Assignment: Set down, word for word, the line with "19.04.2026 - Hammer" and the lines after it through the final line of the data below, without pictures.

Caption-style text data:
◇ ◇ ◇ ◇

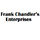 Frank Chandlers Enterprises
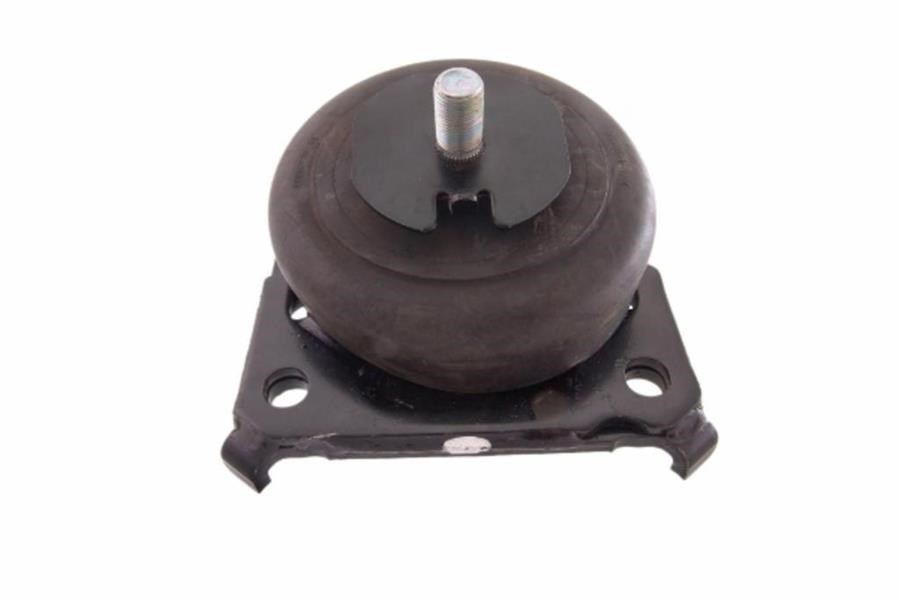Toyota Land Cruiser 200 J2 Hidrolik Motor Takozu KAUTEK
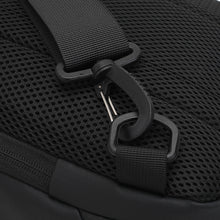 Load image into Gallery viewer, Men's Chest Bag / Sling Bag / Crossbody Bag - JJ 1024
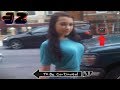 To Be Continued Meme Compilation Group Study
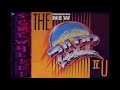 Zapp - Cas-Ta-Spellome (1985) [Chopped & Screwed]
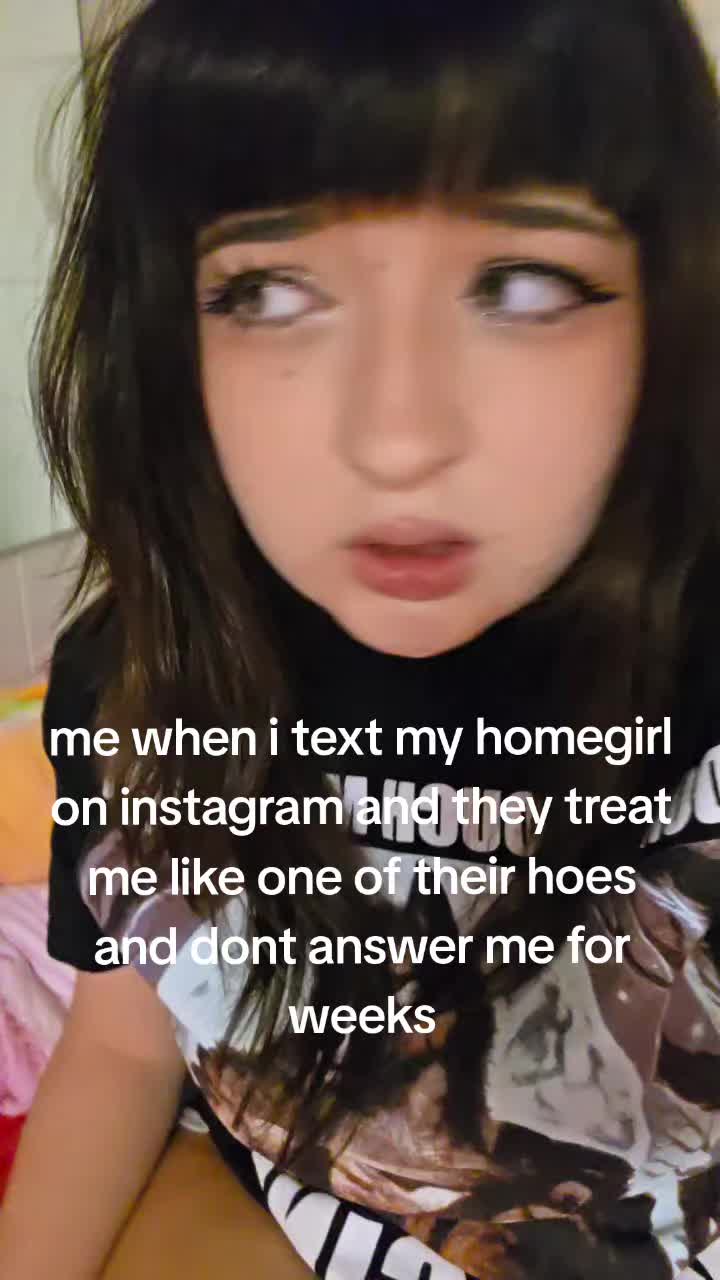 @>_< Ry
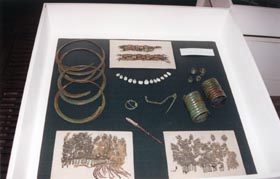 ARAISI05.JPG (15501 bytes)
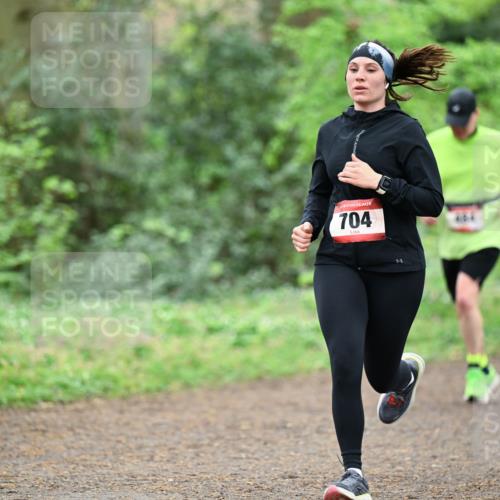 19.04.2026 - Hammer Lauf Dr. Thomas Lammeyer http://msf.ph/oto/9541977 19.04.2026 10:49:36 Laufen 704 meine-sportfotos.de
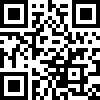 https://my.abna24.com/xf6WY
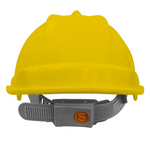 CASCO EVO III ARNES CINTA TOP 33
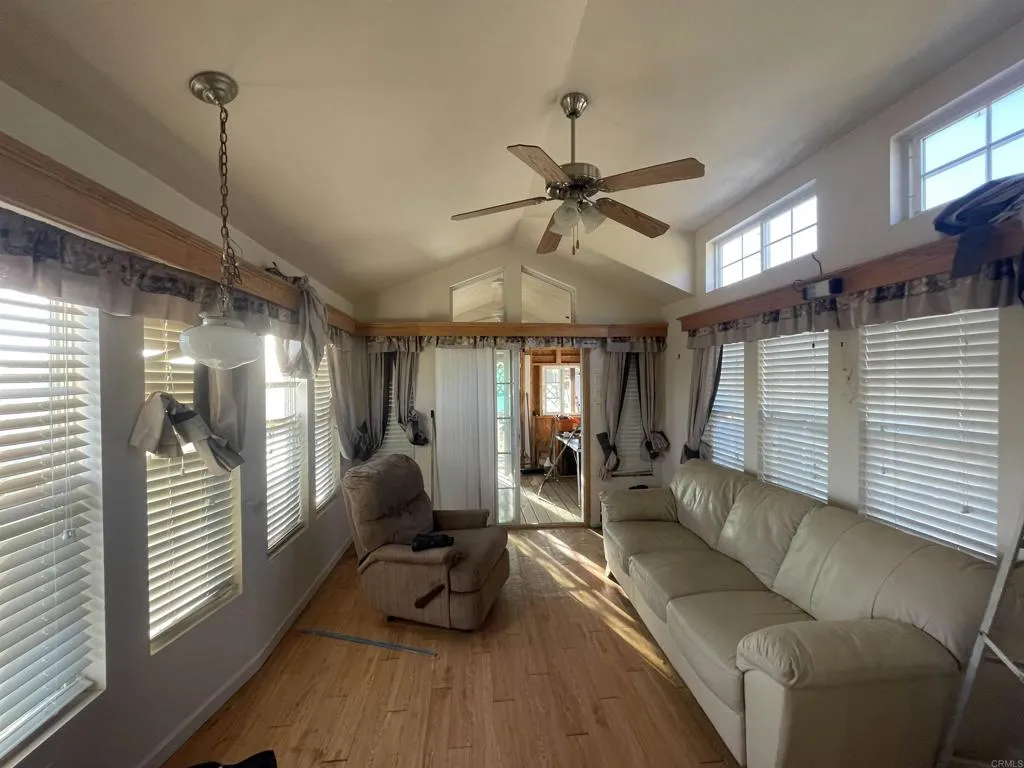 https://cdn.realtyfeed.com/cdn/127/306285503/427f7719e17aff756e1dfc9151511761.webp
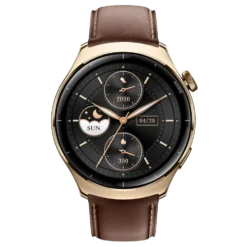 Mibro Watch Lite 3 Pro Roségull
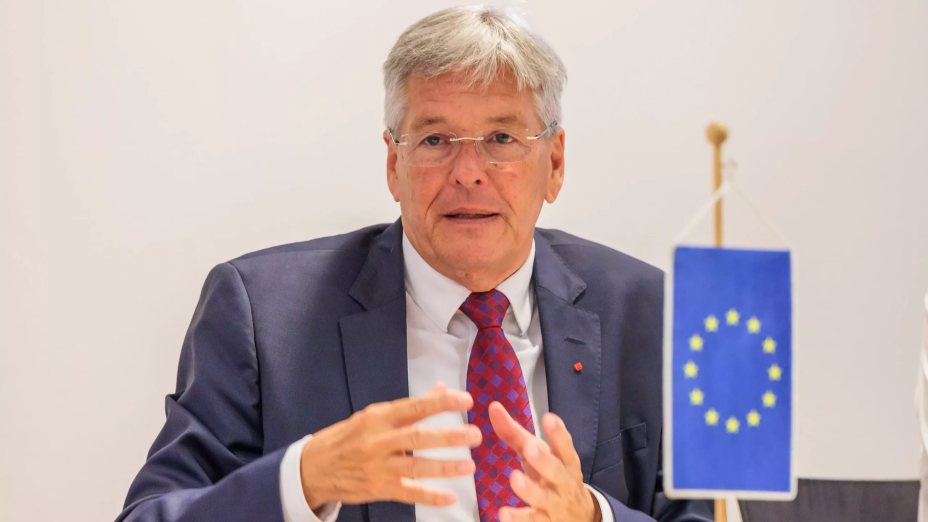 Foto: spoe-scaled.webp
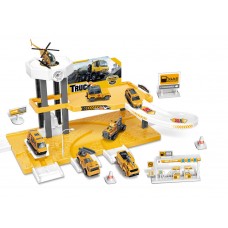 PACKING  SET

◇ ◇ ◇ ◇

Result below:
 19.04.2026 - Hammer Lauf Dr. Thomas Lammeyer http://msf.ph/oto/9541977 19.04.2026 10:49:36 Laufen 704 meine-sportfotos.de
 https://my.abna24.com/xf6WY
 CASCO EVO III ARNES CINTA TOP 33
 https://cdn.realtyfeed.com/cdn/127/306285503/427f7719e17aff756e1dfc9151511761.webp
 Mibro Watch Lite 3 Pro Roségull
 Foto: spoe-scaled.webp
 PACKING  SET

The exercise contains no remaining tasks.